During budget debates in the Ohio House, Democrats portrayed themselves as the defenders of middle-income Ohioans, announcing a plan they called their Targeted Middle Class Tax Cut.
The plan, which majority Republicans did not include in the budget, was the brainchild of Reps. Mike Foley of Cleveland and John Patrick Carney of Columbus. The two Democrats announced their plan in the wake of new job figures which they said showed that Republican Gov. John Kasich’s economic policies aren't working.
In a news release posted to his House webpages, Foley cited the job figures and claimed that Ohio lost more than 20,400 jobs in March, and that those losses were the largest of any state in the nation.
PolitiFact Ohio decided to check his claim.
We asked Foley’s staff to support his statement, and also checked ourselves with the U.S. Department of Labor’s Bureau of Labor Statistics, home of a vast array of jobs data. Foley’s staff provided a news article from The Plain Dealer that relied on data from BLS and the Ohio Department of Job and Family Services.
In March, according to BLS estimates, the seasonally adjusted estimate for the total number of non-farm jobs in Ohio was 5,176,900 jobs. That represents a loss of about 20,400 from the previous month, just as Foley said.
You have to go back to June 2009, the month the recession officially ended, to find a greater monthly figure. That month about 33,000 jobs were lost. In April 2009, Ohio lost more than 44,000 jobs, the worst monthly performance so farin this century.

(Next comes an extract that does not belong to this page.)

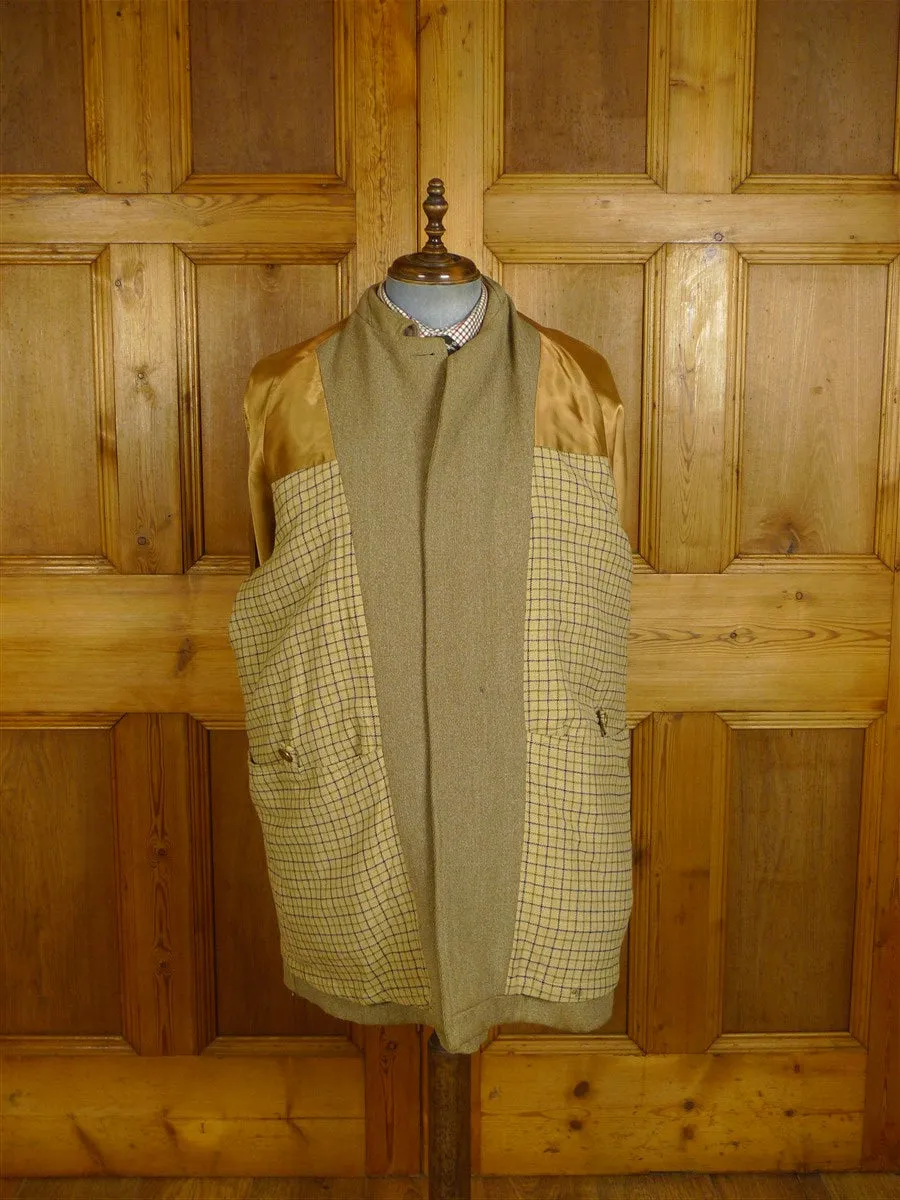 24/0960 vintage heavyweight invertere keepers tweed shooting field coat w/ tattersall lining 44-45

But the March 2013 figure also is small enough that it did not change the unemployment rate. That remained 7.1 percent, just as it was in February, according to the state Department of Job and Family Services.
So how did Ohio stack up against the rest of the nation?
Foley’s claim cites a raw number (rather than a percentage), which means Ohio’s size could come into play. The Buckeye State is the seventh most populous in the nation.
But did it lead the nation in job losses?
After all, California, with more than three times Ohio’s population, has a much larger economy. Texas has more than double the people. And New York and Florida, Nos. 3 and 4, each have populations more than 60 percent greater than Ohio.
BLS figures show Ohio did indeed lose the most jobs.
Nonfarm employment decreased in 26 states and the District of Columbia. It increased in 23 states. New Mexico was unchanged.
The largest increases were in Florida, which added 32,700 jobs, and California, which gained. 25,500. The largest decreases were in Ohio (-20,400) and Illinois (-17,800).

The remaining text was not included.